I was a little bit nervous, especially the first time I went to court. Actually, I was more than nervous — my hands were shaking, my voice was breaking, and it was really scary. And my opponents were quite strong. The government of Ukraine employed a lot of lawyers who came to court all the time, too, sometimes three at a time, and they were quite aggressive.

So it was scary, but I think that being young was a good thing. Nobody expected to have a qualified opposing party in this suit. They all said, “She is so young, she knows nothing. She will not be able to convince the judge.” So I caught them by surprise. The judges didn’t take me seriously at first, but then they decided that my arguments were quite sound. Then I was taken seriously.

So what gave you the courage to stand up to these opponents?

Aerial view of the delta.

Photo: A. Vorauer.

I was very sympathetic toward nature, toward the Danube Delta. The nature there gave me a strong impetus to work further on this case. Also I liked the friendly style of family life in the delta. I wanted the people there to keep what they had, so I was also representing them in court. Also, the people in my organization who trusted me, who were confident that I would be able to do this — there was no way I could let them down. So I had to take this seriously, I had to work hard, and I had to win.

What do you think was the most powerful argument you used in court?

The most powerful argument was that the government was breaking many, many legal norms. We were trying to persuade the judges that this territory is worth being preserved for future generations, that they need to keep this territory clear and not allow the shipping canal. The number of international conventions that were violated during canal construction was really large — more than 10 conventions — and so we argued that if Ukraine dredges the canal in this area, it would have problems with the international community.

What has the Orange Revolution meant to your fight against the canal?

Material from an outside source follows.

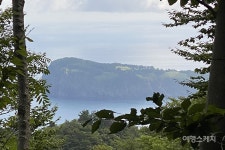 [옛 지도 따라 옛길 걷기 ①] 울릉도의 속살을 보며 걷는 길 내수전-석포 옛길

I think the Orange Revolution was very important, almost the turning point in our struggle. The new government seems to be more sympathetic toward the environment, and toward the establishment of the rule of law in the country. They want to keep the good faith in the international community.

Also, the Orange Revolution was very inspiring to many people. It proved that every person can make a difference, and that the government needs to respect the rights of every citizen, not just the huge group but also every citizen. And it raised the confidence of people in the court system. The Supreme Court of Ukraine played a huge role during the Orange Revolution, because they were hearing the cases on the violations during the elections. Everyone was watching the court hearings on TV from morning till afternoon, and I think [the judges’] decisions inspired more people to go to court and seek justice in front of the government.

What is your strategy for the future?

The canal project is still alive, and the new president has said that we need to complete the construction. So we want to make sure that the government makes its decisions in a sound way, in a legal way, and involves the public. The decisions need to be environmentally and scientifically sound.

What does the prize mean to you?

For me, it’s a great achievement, and it proves that I made the right choice in life when I became a public-interest environmental lawyer. I hope it will be useful for the case, and I hope that such a high recognition will eliminate all the suspicion that some members of the public had about our activity. We were accused a few times of being Romanian spies, but I hope that now those accusations will be eliminated, and people will be more environmentally concerned.